Could you transcribe exactly the lines below, from the line with "pk 1719 oak nutrients" through the line with "Škoda KAROQ 4x4", and nothing else, leaving out the pictures?

» DATA RECORDS
■ ■ ■

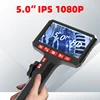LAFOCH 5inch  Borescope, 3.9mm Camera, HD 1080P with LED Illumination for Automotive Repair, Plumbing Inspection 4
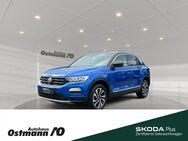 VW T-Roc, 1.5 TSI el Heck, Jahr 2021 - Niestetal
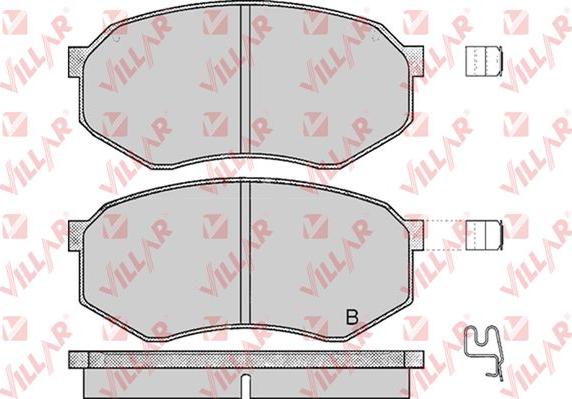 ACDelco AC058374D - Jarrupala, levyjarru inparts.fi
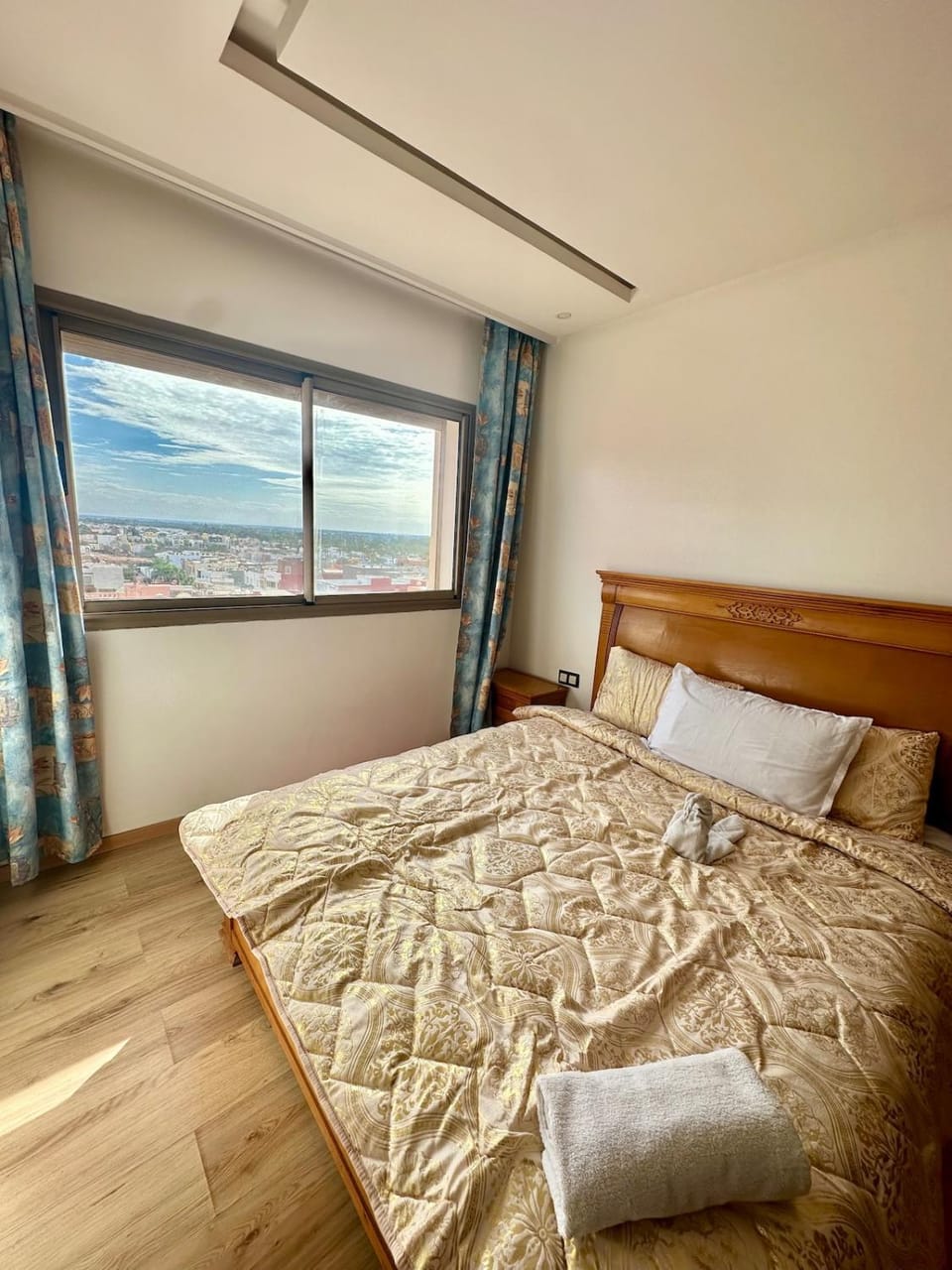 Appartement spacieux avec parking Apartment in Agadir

■ ■ ■

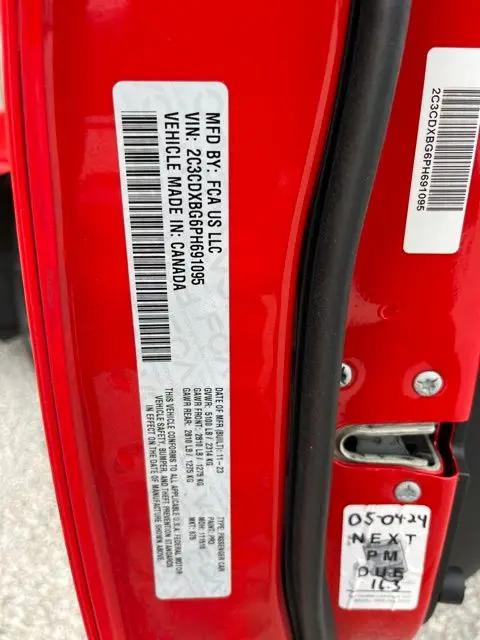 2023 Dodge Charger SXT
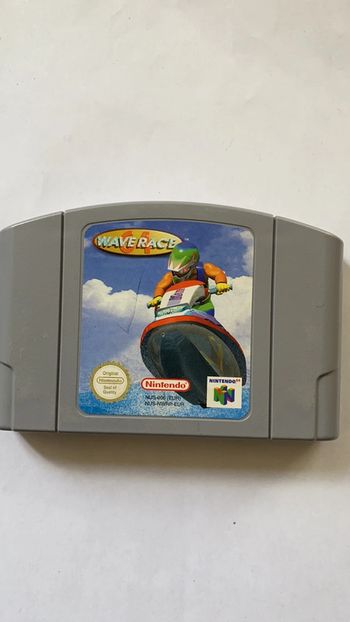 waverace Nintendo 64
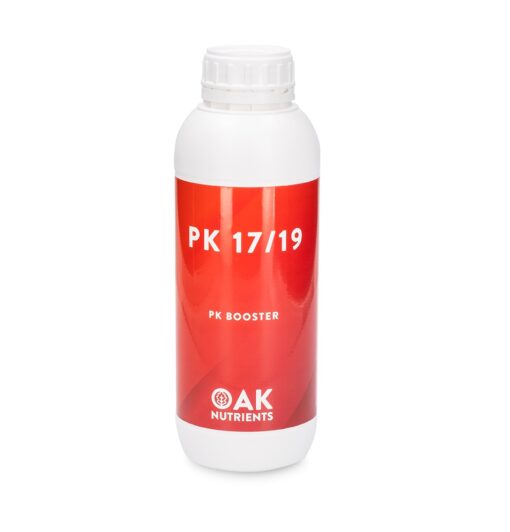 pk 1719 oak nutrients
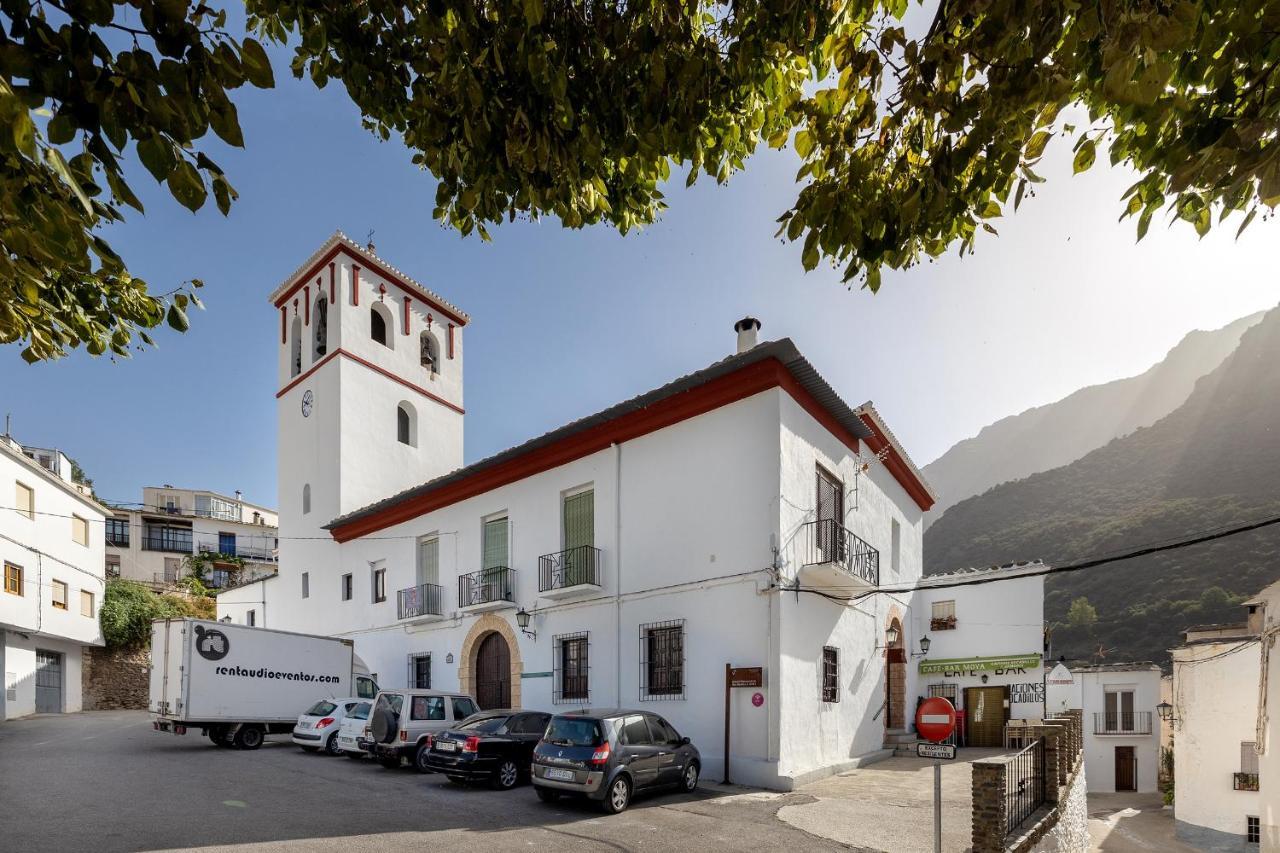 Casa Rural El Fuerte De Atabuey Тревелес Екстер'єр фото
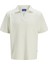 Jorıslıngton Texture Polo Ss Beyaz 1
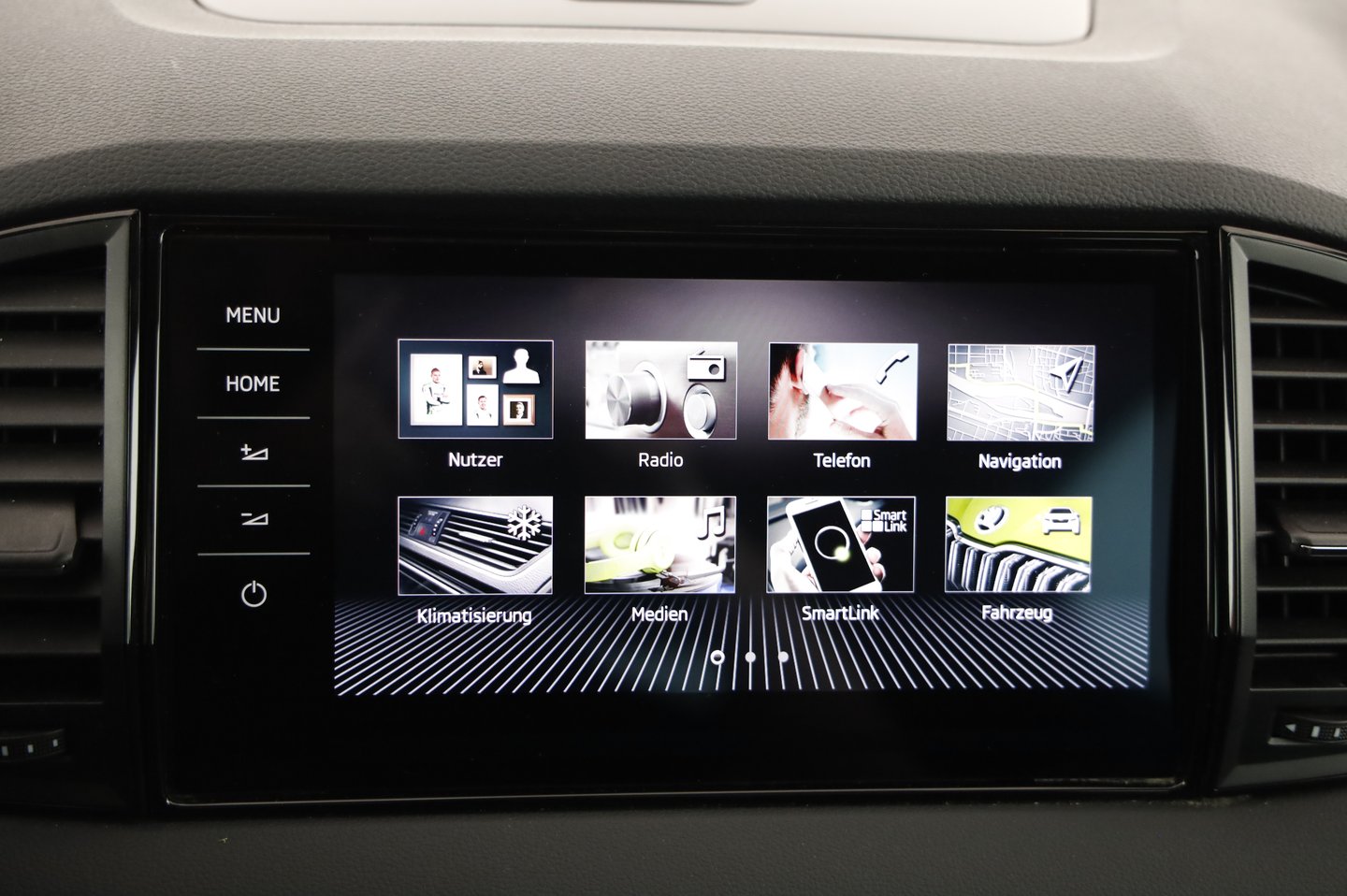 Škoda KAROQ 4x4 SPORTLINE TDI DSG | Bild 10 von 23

■ ■ ■

» RESPONSE BELOW
 pk 1719 oak nutrients
 Casa Rural El Fuerte De Atabuey Тревелес Екстер'єр фото
 Jorıslıngton Texture Polo Ss Beyaz 1
 Škoda KAROQ 4x4 SPORTLINE TDI DSG | Bild 10 von 23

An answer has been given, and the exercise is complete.